How to complete this task: With the pictures omitted, output word for word the lines from the one containing "1Pcs Kitchen Tools" through the end of the records.

-=-=-=-=-

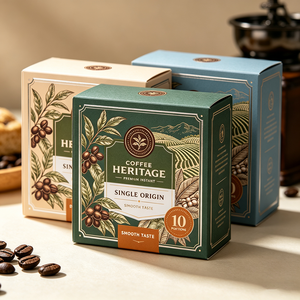 Caja de café corrugada color caramelo con diseño personalizado para pedidos al por mayor, embalaje de papel de regalo con logotipo personalizado para café instantáneo en barra - Product Image 1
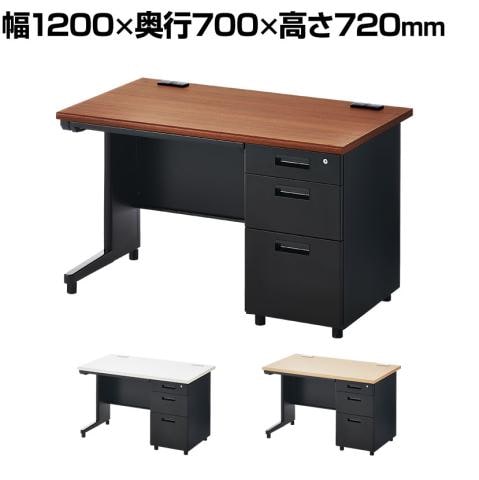 スチールデスク ブラック 片袖机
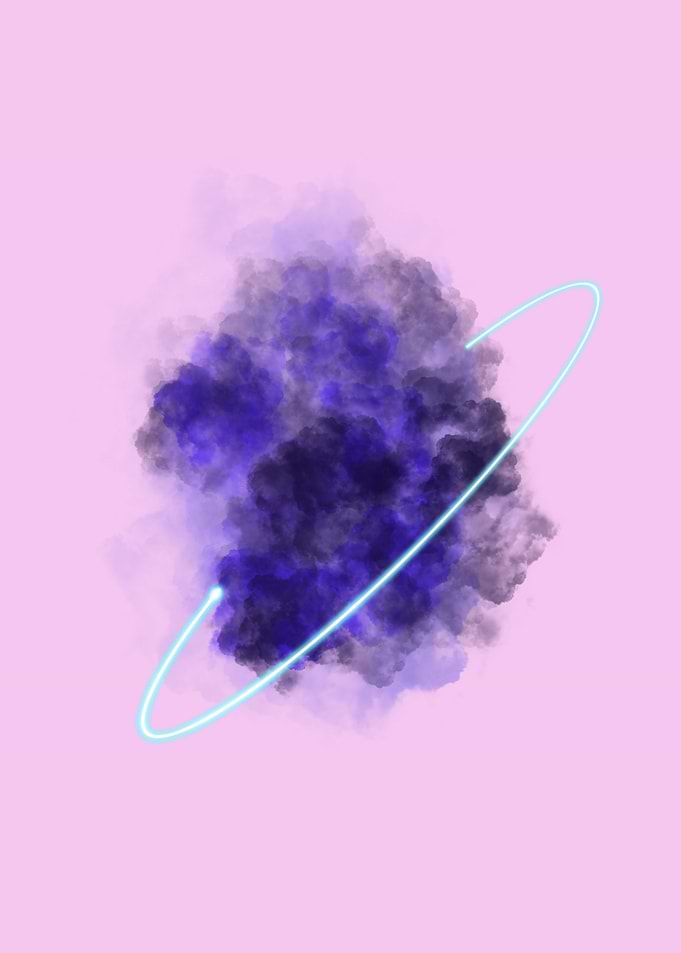 Blue cloud green circle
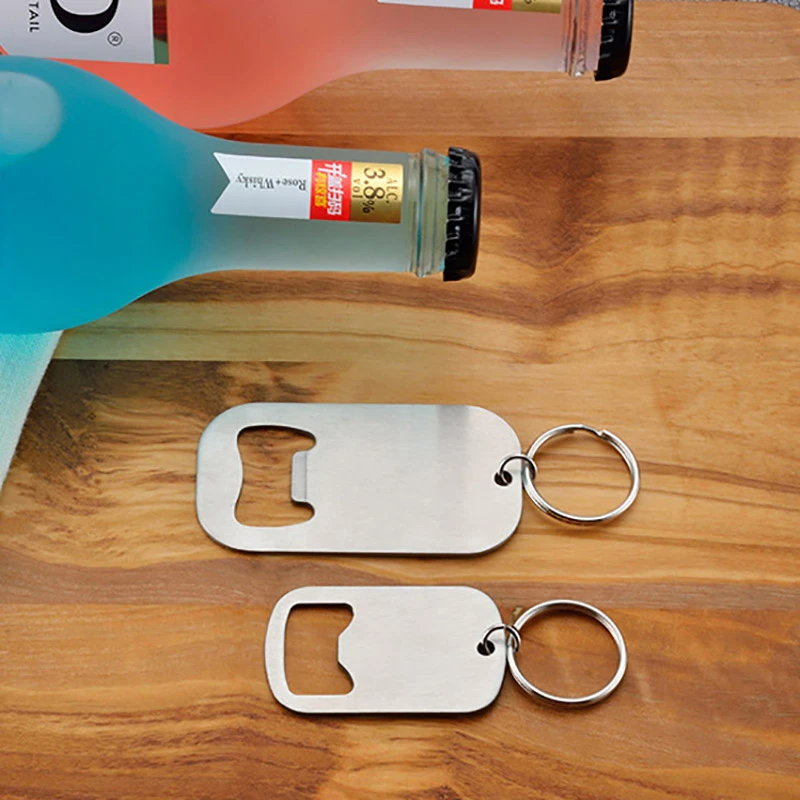 1Pcs Kitchen Tools Silver S/L Home Hotel Beer Stainless Steel Keychains Cap Remover Bottle Opener Multi Purpose
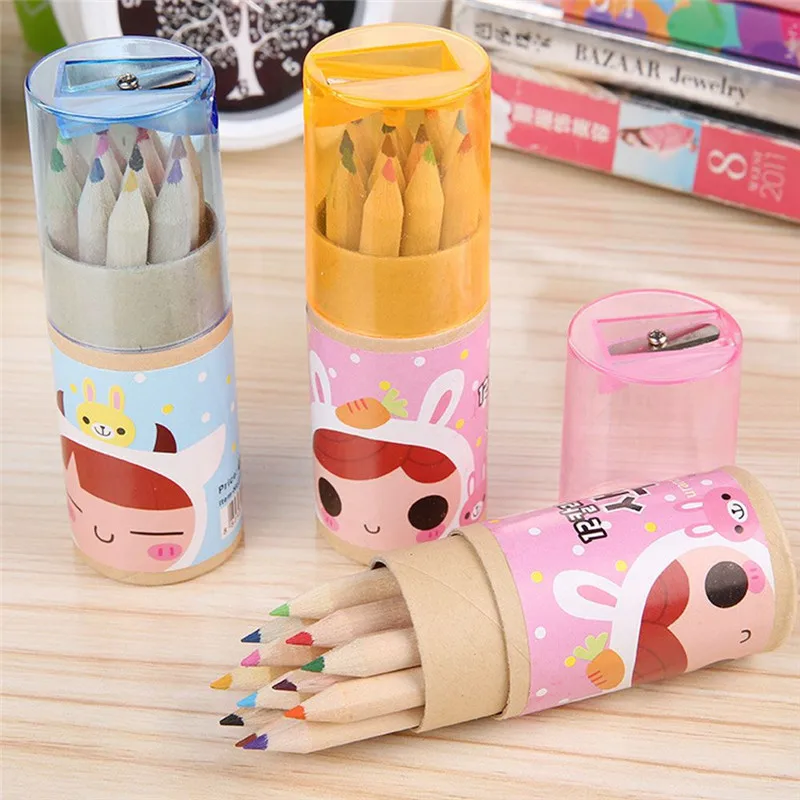 Набор цветных карандашей из натурального дерева 12 шт./компл. с точилкой для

-=-=-=-=-

Task output:
 1Pcs Kitchen Tools Silver S/L Home Hotel Beer Stainless Steel Keychains Cap Remover Bottle Opener Multi Purpose
 Набор цветных карандашей из натурального дерева 12 шт./компл. с точилкой для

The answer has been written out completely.